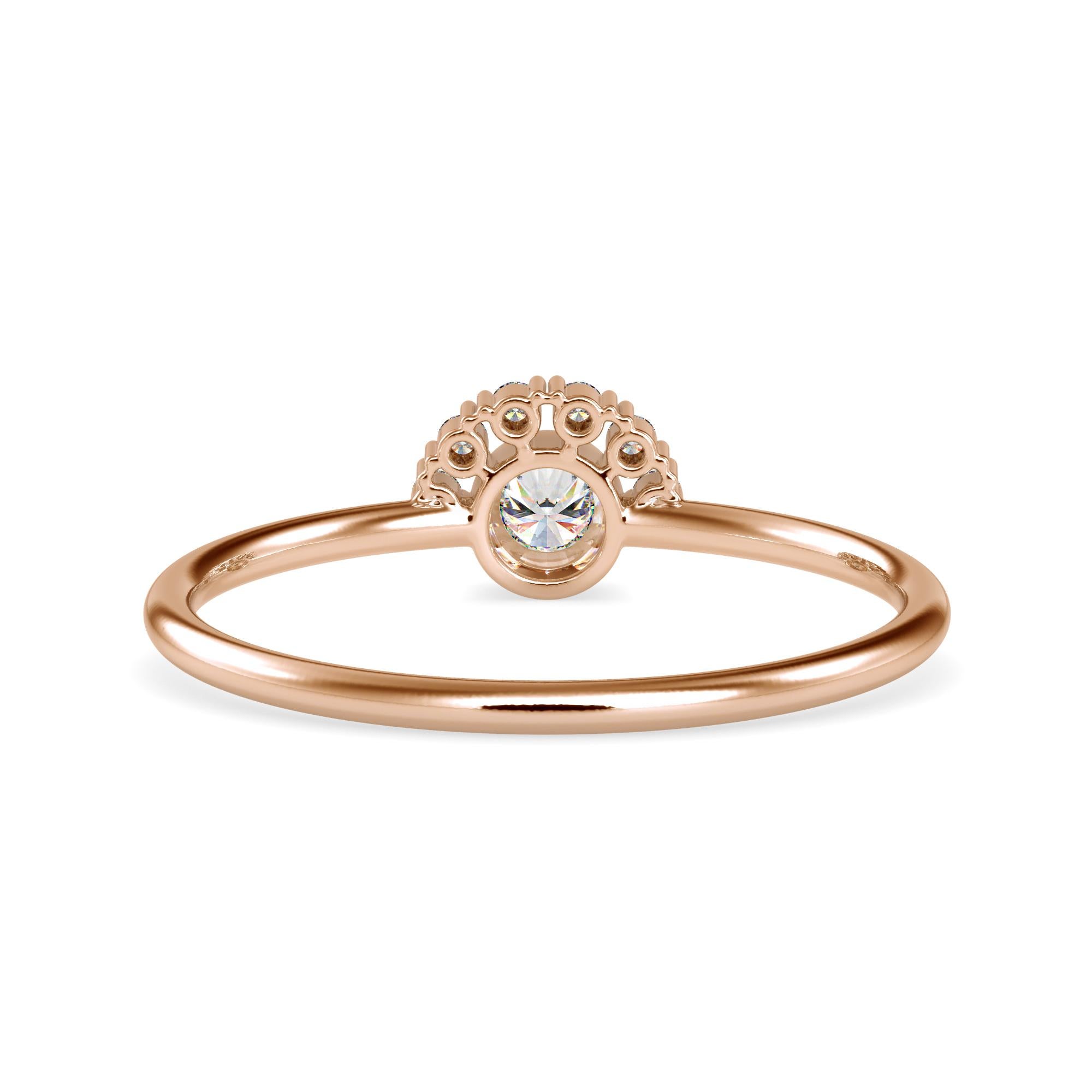 0.13 Carat Diamond 14K Rose Gold Ring
Stamped: 14K
Total Ring Weight: 1.3 Grams
Diamond Weight: 0.04 Carat (F-G Color, VS2-SI1 Clarity) 1.2 Millimeters
Diamond Weight: 0.09 Carat (F-G Color, VS2-SI1 Clarity) 2.9 Millimeters 
Diamond Quantity: 7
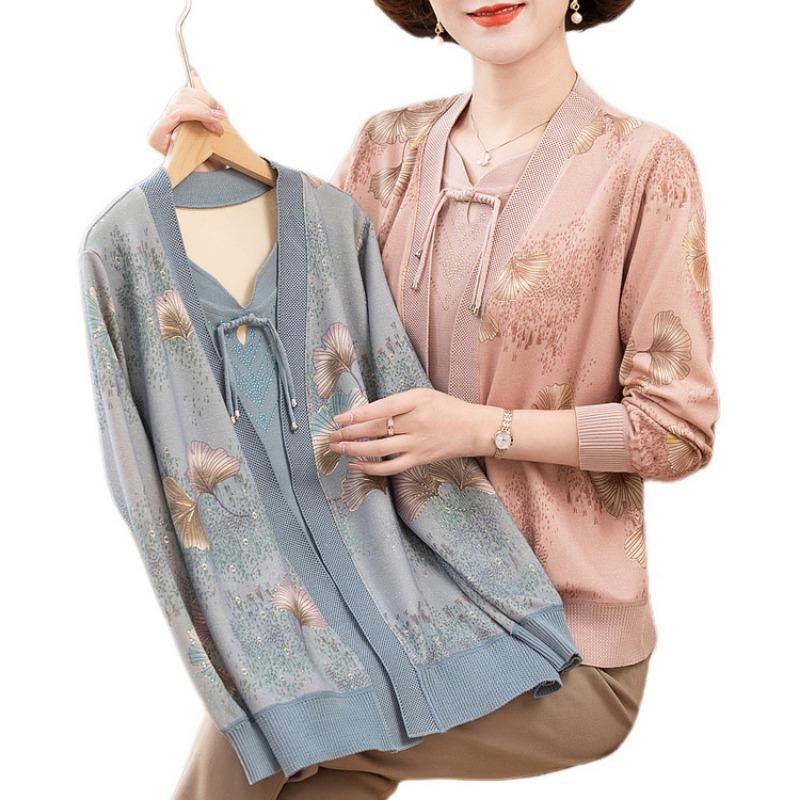 Middle-aged new knitted sweater cardigan two-piece set grandma autumn sweater set autumn age-reducing mother set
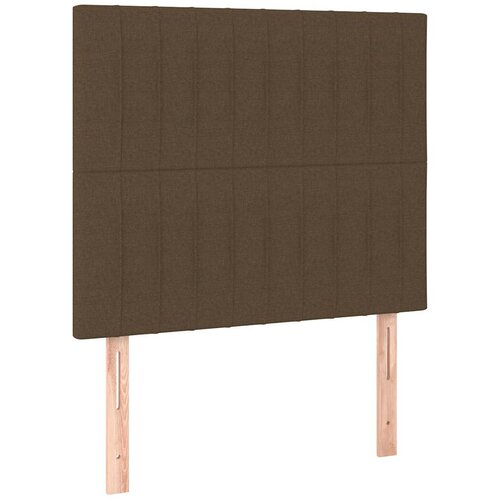  Krevet s oprugama i madracem tamnosmeđi 90 x 190 cm od tkanine Slike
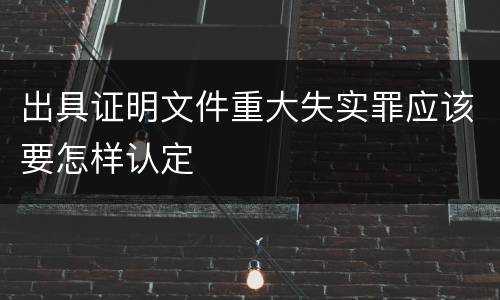 出具证明文件重大失实罪应该要怎样认定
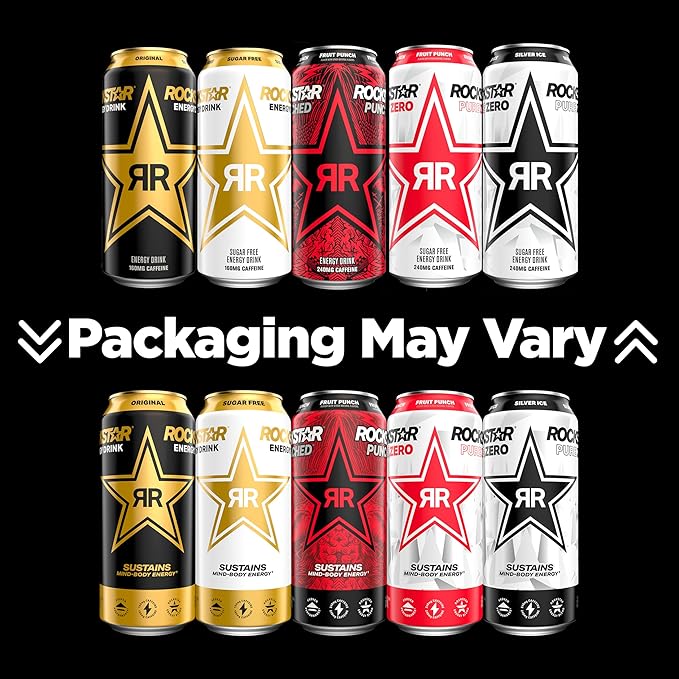 Rockstar Energy Drink Punched Watermelon, 16oz Cans (12 Pack) (Packaging May Vary)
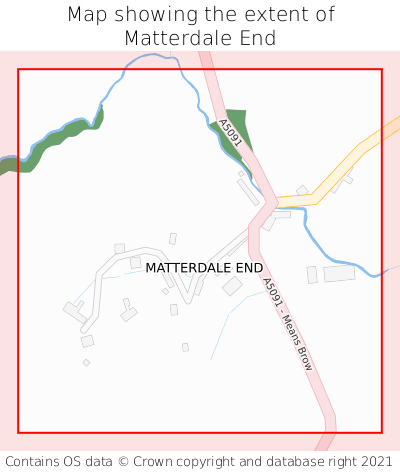 Map showing extent of Matterdale End as bounding box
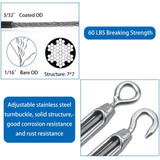 Flower Basket Screws 304 Stainless Steel Wire Rope Hook Tensioner, Specification:M4(Silver)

* * *

# [Problem statement]
Look above for the line with "Diamond Weight: 0.09" and the line with "Krevet s oprugama", then copy them and all lines in between exactly as written, and only those, without any pictures.

# [Response to this exercise]
Diamond Weight: 0.09 Carat (F-G Color, VS2-SI1 Clarity) 2.9 Millimeters 
Diamond Quantity: 7
 Middle-aged new knitted sweater cardigan two-piece set grandma autumn sweater set autumn age-reducing mother set
  Krevet s oprugama i madracem tamnosmeđi 90 x 190 cm od tkanine Slike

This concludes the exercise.